It will make seams disappear.

If you are looking at alternatives and using paint, and assuming only the 45 degee miters are your concern, you might experiment with large enough sheet goods. First create a foundation frame of whatever. Then cut a whole square template, like a mat and glue it in place over the foundation. Then put the molding on the outside and interior over the top of the sheet good matting and also covering foundation. If you have well sanded sheet good you can get a satin finish.And no glue concerns.

I've used this approach on a number of frames.

But the seam in the picture, does not look like it was cut was true. There seems to be a gap in the miter. I would check my saw/sled to make sure it is aligned correctly.


----------



## TimPa (Jan 27, 2010)

a few additional tips that may help. 
1. very little sanding, if any, on the cut miters before joining. place a backer board behind your cuts to help get the perfect cut. 
2. use a miter clamp
3. while the 2 pieces are in the clamp, and in their best position, wipe off any glue squeeze out, then lightly sand the joint (220 gr). the sawdust will fill any imperfections and close the joint up very nicely.


----------



## BWSmith (Aug 24, 2010)

I'd be "upping the ante" on tooling,ultimately shooting for no fillers.

Saw and fixturing whilst cutting would be one place to start.The larger the blade's diameter the higher the incidence of wobble/inbalance.So a smaller stiiffer blade may help.TS sleds suffer from too many "stacked tolerances".

Look into hold-downs for your chopbx.Then possibly find a smaller blade for it.

Next up would be sidestepping the cutting,somewhat.....with the use of grinding equipment.The "grinding" here is usually called sanding.......In anycase we're grinding the mitre,achieving precision angles not possible in any cutting opperation.I'll spare the details because it's one of those things that unless you've actually done it(grinding into the .001's)...you simply won't believe it.Not refering to "sanding" the face here.

Understand that even though you're using the same piece of mould....it's still a few inches apart when making your mitres.The higher the quality of mould...the better precision is attainable.Also understand that most commercial,"picture" moulds(those made of real wood)are contour sanded after they're profiled.All of this is leading to small,almost inperceptible variances in moulds profile.The intolerances run in to each other and aren't noticed.
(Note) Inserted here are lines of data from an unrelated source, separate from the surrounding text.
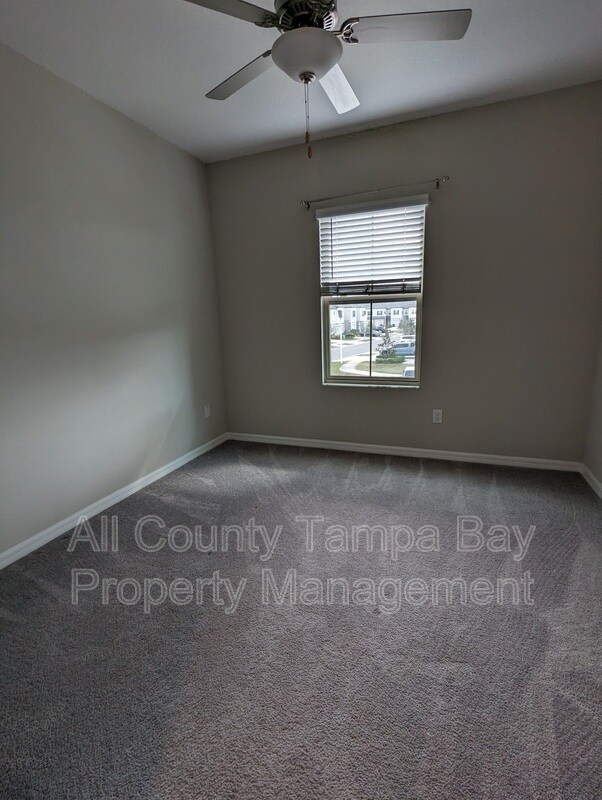 Building Photo - 32047 Blue Passing Loop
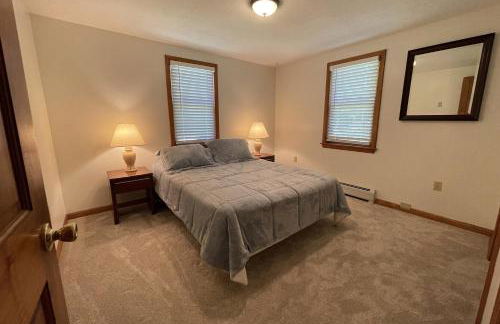 Spacious, Sunny Lake House! Close to ski trails. - Foto 16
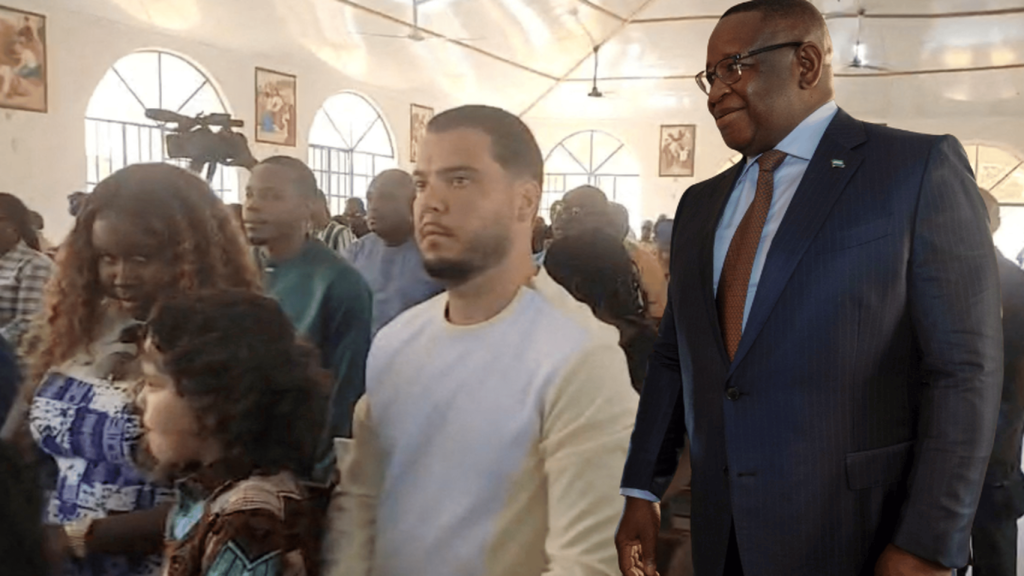 Jos Leijdekkers junto a Agnes Bio, hija del presidente de Sierra Leona, durante una misa en Tihun el pasado 1 de enero.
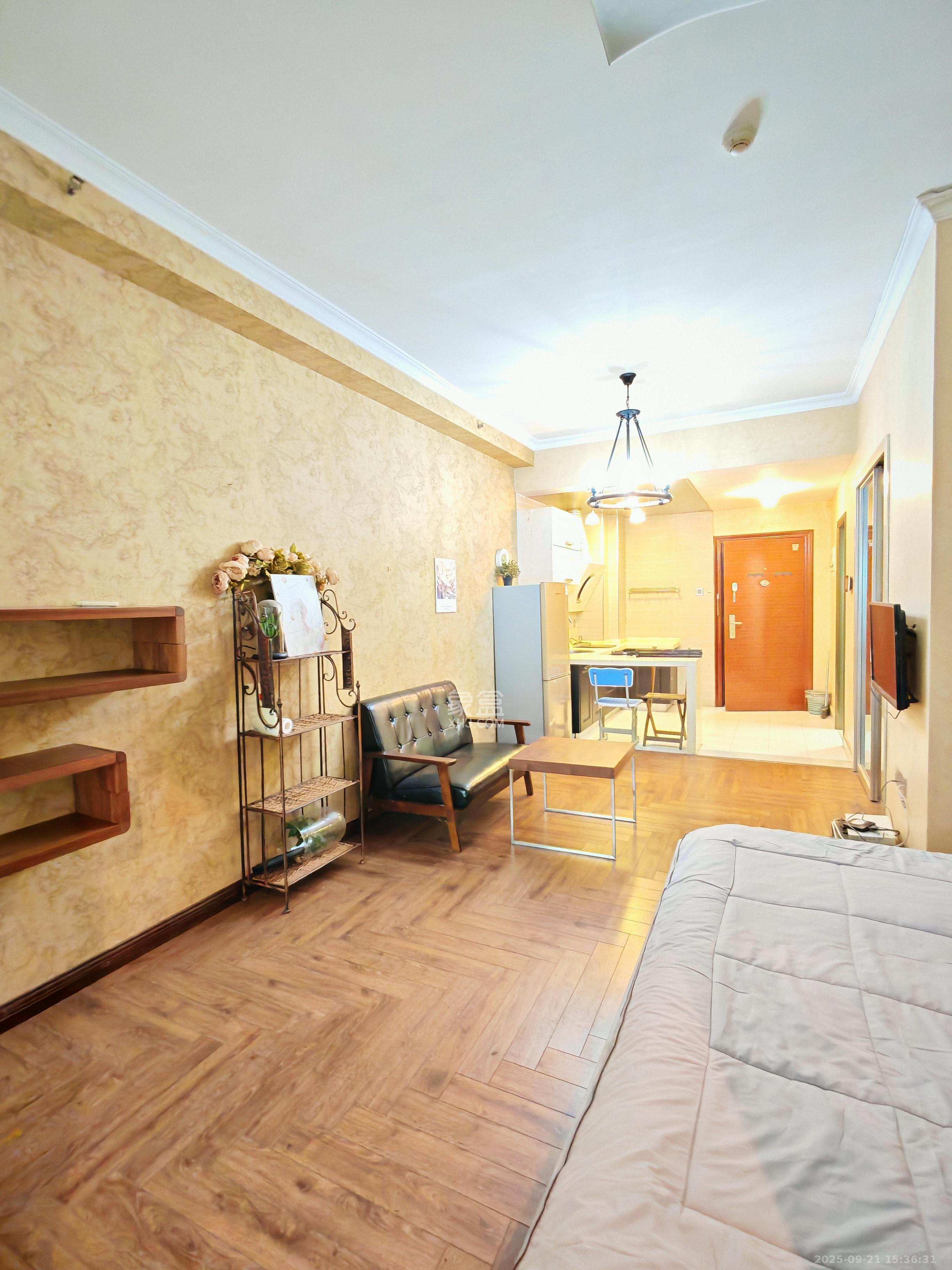 万博汇  1室1厅1卫    1700.0元/月室内图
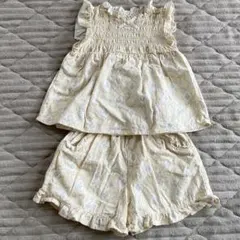【tete a tete】ノースリーブ&ショートパンツ　上下セット　90サイズのサムネイル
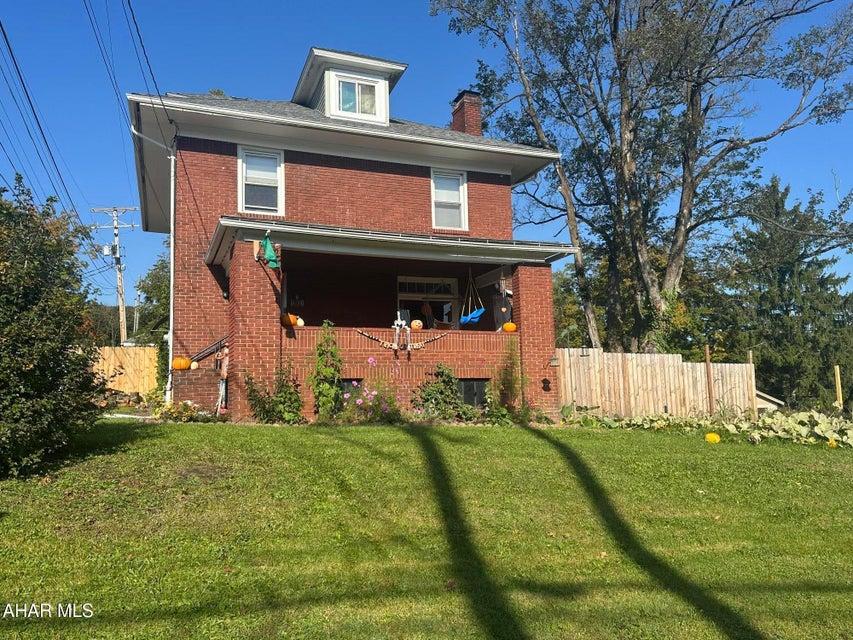 Broad Ave, Altoona, PA 16601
Once you cut them a couple inches apart,to allow for reversing the 45,you are bound to get into some small profile errors(we're into the .001's now).Does your customer understand this?NO....they don't.Do they want to discuss it?....Usually not.But they do need real expectations on what is attainable in real wood mitres.You can NOT compare plastic,metal,or any man made products.......this is wood.This is not an excuse.....we grind wood here regularly into the .001's.It's easy once you have the equipment.But at what cost?
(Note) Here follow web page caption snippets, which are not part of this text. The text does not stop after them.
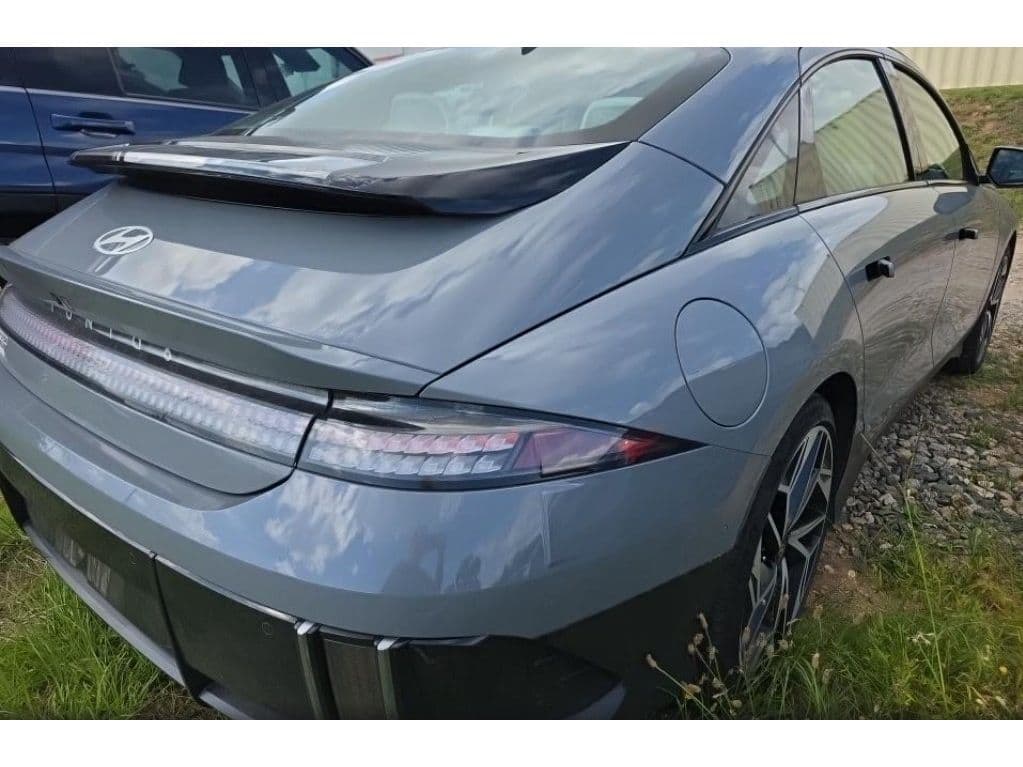 2023 Hyundai IONIQ 6 view 3
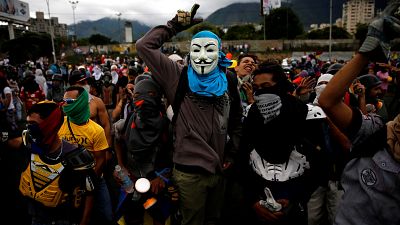 تجمع مخالفان مادورو در برابر پایگاه نظامی در کاراکاس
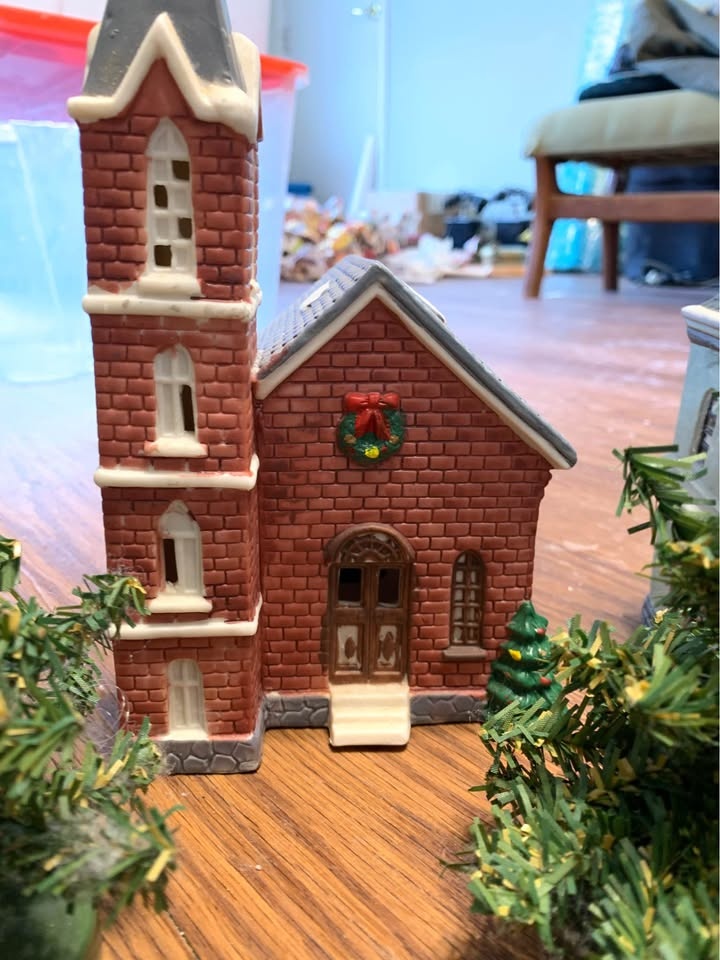 Vintage Porcelain Christmas Village - photo 3
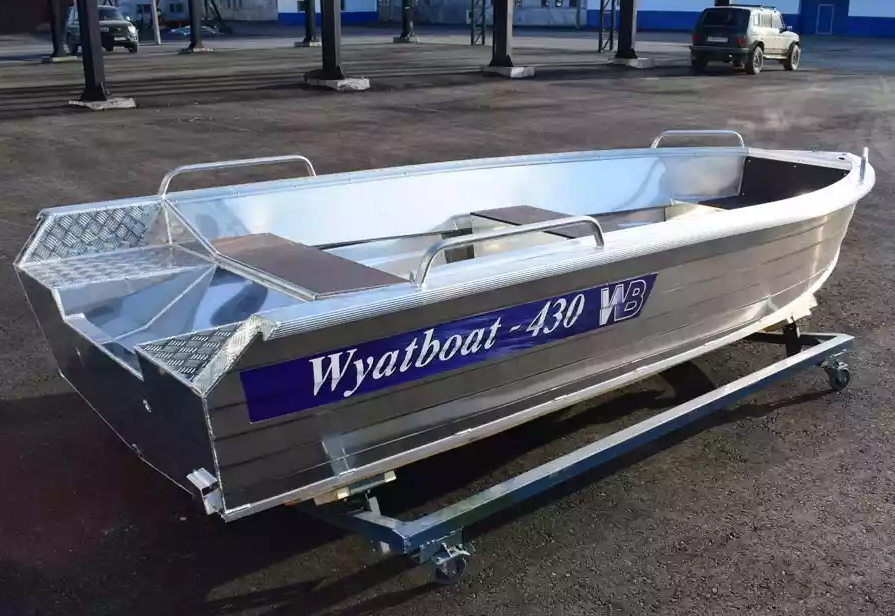 Алюминиевая лодка  Wyatboat-430 Р в Долгопрудном
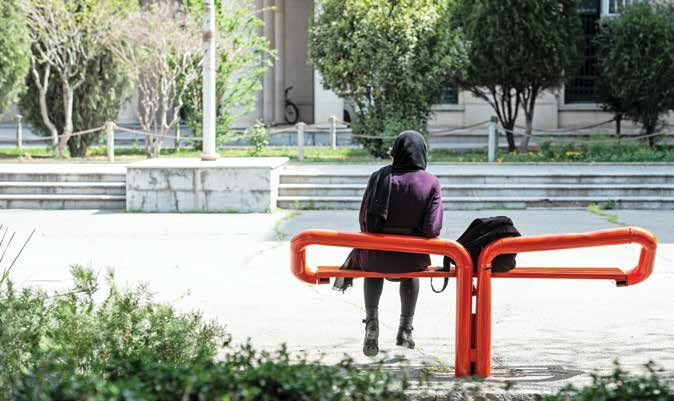 استاد نیمه ‌رهاکردن کارها هستم!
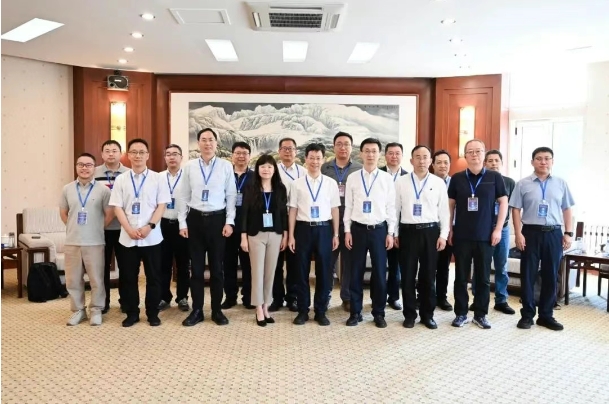 高質(zhì)量發(fā)展引領(lǐng)中國式現(xiàn)代化論壇在遼寧大學(xué)召開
Just sayin,you're going to have to step up your tooling a little.If you want precision results,while entirely possible on "hillbilly" tools....it is most deffinately easier with better,more refined equipment.The very best of luck.


----------



## Woodworking Mama (Sep 3, 2013)

After a trip to the hardware store, I have been working in the shop this week after the kids go to bed. I'll post photos later, but it seems as though I have a much better result. I'm putting the finishing layers of paint on it now, and waiting on drying and all that. 

I ended up just making a few "corners only" pieces. I have to say that in the early stages, the difference is quite noticeable. I'm pretty pumped. I got a finer filler, but next time I'm in town, I'm getting some Bondo to play with as well. I'm also playing around with base coats, primers, sanding sealer, etc...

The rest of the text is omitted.